Faith Lutheran High School, commonly referred to as Faith or FLHS, was a private high school located in Crystal Lake, Illinois. It was affiliated with the Lutheran Church–Missouri Synod and served students of McHenry County, Illinois. The school opened in 2004 and closed in 2019. The school's colors were black and red and its mascot was the Saints.

==History==
FLHS was founded in August 2004 with a freshman class of eight students. The first class of ten students graduated in 2008. The school was initially located at St. John's Lutheran Church in Union, Illinois. In January 2006, it moved to the unused Hawthorn school building north of Marengo, Illinois. In 2009, the school again moved to Crystal Lake, Illinois, which provided a more central location. In September 2013, FLHS purchased the building it was leasing from Immanuel Church with the expectation to handle its growth for 7–10 years.

In a July 2018 letter to students and parents, Faith Lutheran Board Chair Steven K. Wright said that the school would be closing for the upcoming academic year due to declining enrollment and increasing debt. A fundraising campaign allowed FLHS to remain open for the 2018-2019 school year. However, the school closed permanently after the end of that school year.

==Academics==
The school had a low student-teacher ratio and touted its high ACT average, which generally averaged between 25 and 26. In 2014, the senior class averaged 27.1 and averaged over $70,000 each in scholarship offers. The school offered classes in theology, science, art, mathematics, physical education, English, social studies, practical skills, and the languages of Spanish, Latin. AP classes and a dual credit programs through McHenry County College and Grand Canyon University were offered.

==School life==
===Student body===
The school worked with international programs to host exchange students from Brazil, Paraguay, China, Panama, Thailand, Germany, France, and South Korea. Approximately 5–8 percent of the students were international.

===Athletics===
FLHS was a member of the Northeastern Athletic Conference (NAC) and participated in a co-op with Alden Hebron High School in which FLHS students played on Hebron's football, baseball, and softball teams. Alden Hebron Students could also participate on Faith's golf and boys' volleyball teams. FLHS fall sports included boys' golf, girls' volleyball, and co-ed cross country. Winter sports were boys' basketball and girls' cheerleading. The Faith Saints also competed in co-ed track and field and boys' volleyball during the spring season.
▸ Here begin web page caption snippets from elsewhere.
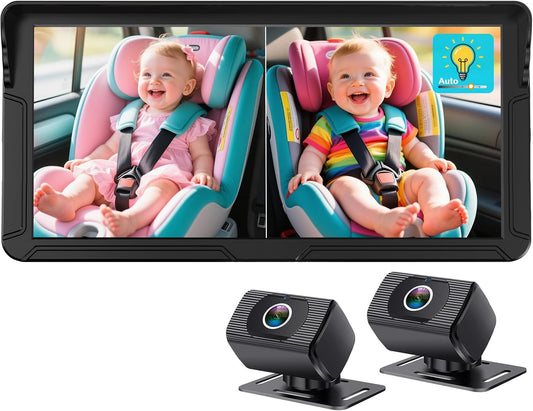 Rohent Dual Baby Car Camera for 2-Kids: 6.9'' HD Split Screen 1080P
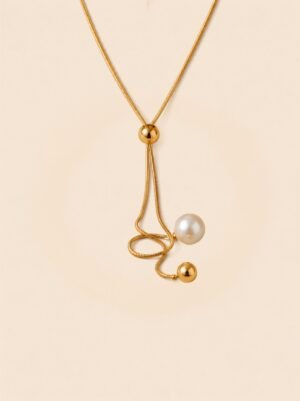 Pearls Ball Pendant Adjustable Necklace – Soft Elegance, Effortless Charm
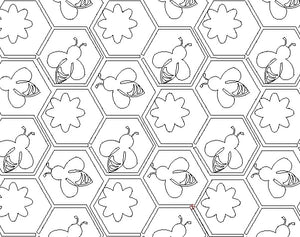 Honeycomb Bee, Digital quilting pattern, design, pantograph.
===Student organizations===
Student Council was a student government that organized extracurricular programs as well as running fundraisers to help with the school's annual trip to Wisconsin Dells for its Jr/Sr Prom. Hands and Feet for Christ (HFC) was a group dedicated to community service. Illinois YMCA Youth and Government allowed students to travel to the Illinois State Capitol where students acted as delegates to pass mock legislation. A chapter of the National FFA Organization was started on the campus in 2015. The school published a newspaper and yearbook and had several a number of other campus organizations including drama, band, choir, Book Club, and Spanish Club.